GUMMOW J:   The crucial passage in a way that sums it up is at 256 in the middle of the page, the one sentence paragraph in the middle of 256, “What necessarily arises whenever a landlord” et cetera.

MR JACKSON:   Yes, and, your Honours, that that remains the test one sees in Scally v Southern Health and Social Services Board (1992) 1 AC 294, at page 307 and in Lord Bridge’s speech - and he gave the only substantive reasons in the case. At page 307 there are two passages. The first, your Honours, is between A and B, the sentence, the first line:

A clear distinction is drawn in the speeches of Viscount Simonds -

and so on -

between the search for an implied term necessary to give business efficacy to a particular contract and the search, based on wider considerations, for a term which the law will imply as a necessary incident of a definable category of contractual relationship.

It is really that second one that is the one under consideration now, but your Honours will see, going down then between D and E on the same page, page 307, that his Lordship says:

But I take the view that it is not merely reasonable, but necessary, in the circumstances postulated, to imply an obligation -

et cetera.  In relation to the question of the result, he was differing from the court below, and your Honours will see that the test applied again was one of necessity. 
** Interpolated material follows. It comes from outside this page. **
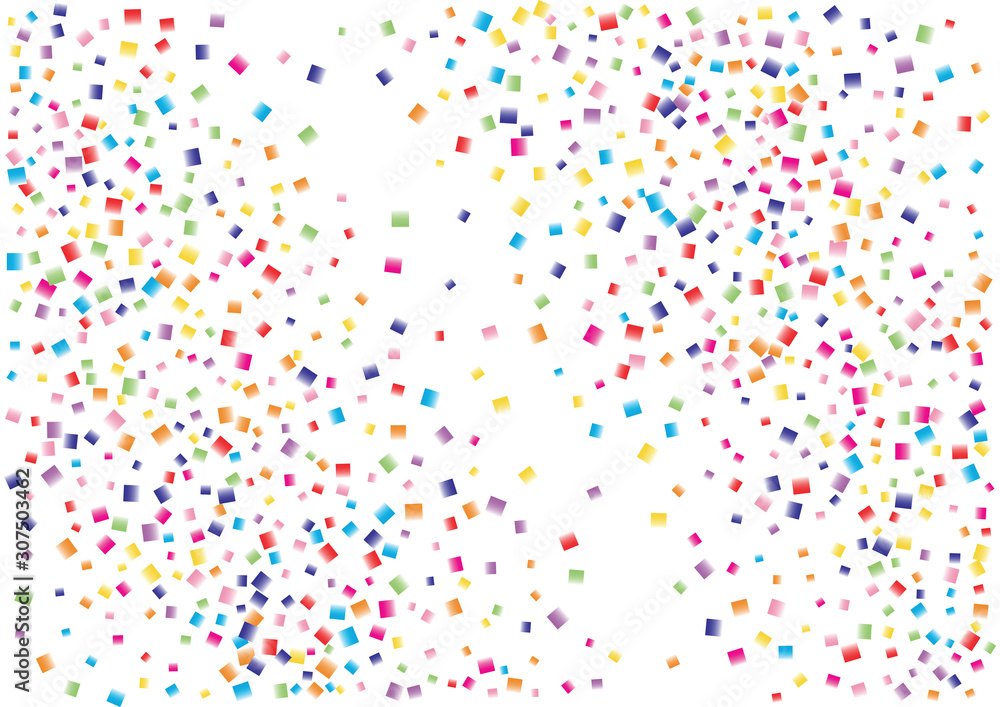 Festive color square confetti background. Abstract frame confetti texture for holiday, postcard, poster, website, carnival, birthday, children's parties. Cover confetti mock-up. Wedding card layout Festive color square confetti background. Abstract frame confetti texture for holiday, postcard, poster, website, carnival, birthday, children's parties. Cover confetti mock-up. Wedding card layout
Now, your Honours, I will not go over the underlying facts in relation to this but, as your Honours will see, we would submit, for the reasons we have set out in relation to implication as a matter of fact, in paragraph 15, it is just impossible to regard the inclusion of a term such as that relied on now, as a matter of necessity. 

Indeed, your Honours, if I could add one thing to it, that is that the submissions of our learned friends recognise that duties covering the case would exist in the absence of such a term.  And I am referring your Honours to paragraphs 1.7 and 1.8 of their outline of submissions, but the complaint that is made there, and made orally, is that there is a plethora of them, there are too many that might have to be resolved in particular cases which ones applied.  So the invitation is given to the court to say, “Resolve the potential difficulty of deciding which is the right one; have a new one”.  That is the one suggested by our learned friends.  So that, your Honours, it is very difficulty in those circumstances, we would submit, to say that there is necessity.

Could I turn then, your Honours, to the next basis relied on, the crystallised custom.  Your Honours, in looking for authority dealing with the point, the crystal cabinet appears to be bare and, equally forlorn, in our submission, is the state of the evidence as to the existence of any such custom and, in particular, may I refer to paragraph 19(a) of our outline of submissions.  Your Honours, the short fact is there is nothing.

Your Honours, the appellants also suffer, in our submission, the difficulty to which we refer in paragraph (b), and it is necessary, as one of the tests for importing a custom into a contract - and your Honours will see the reference to the Court’s decision in Con‑Stan Industries, that the custom be ‑ and we have extracted the relevant passage from the Court’s decision:

so well known and acquiesced in that everyone making a contract can reasonably be presumed to have imported that term into the contract.

Now, your Honours, maybe that is a test which is at least as stringent as the requirement of going without saying but it may well be a more stringent test but, in any event, it is not materially different for present purposes and, in our submission, if, for the reasons we have submitted earlier, they fail on the question of obviousness in relation to implication as a matter of fact, then, for similar reasons, they would also fail in demonstrating that the requirements of this aspect of the test, defined by the Court in Con‑Stan 160 CLR at page 236, is satisfied, and your Honours will see that set out as test No 2 of the several tests.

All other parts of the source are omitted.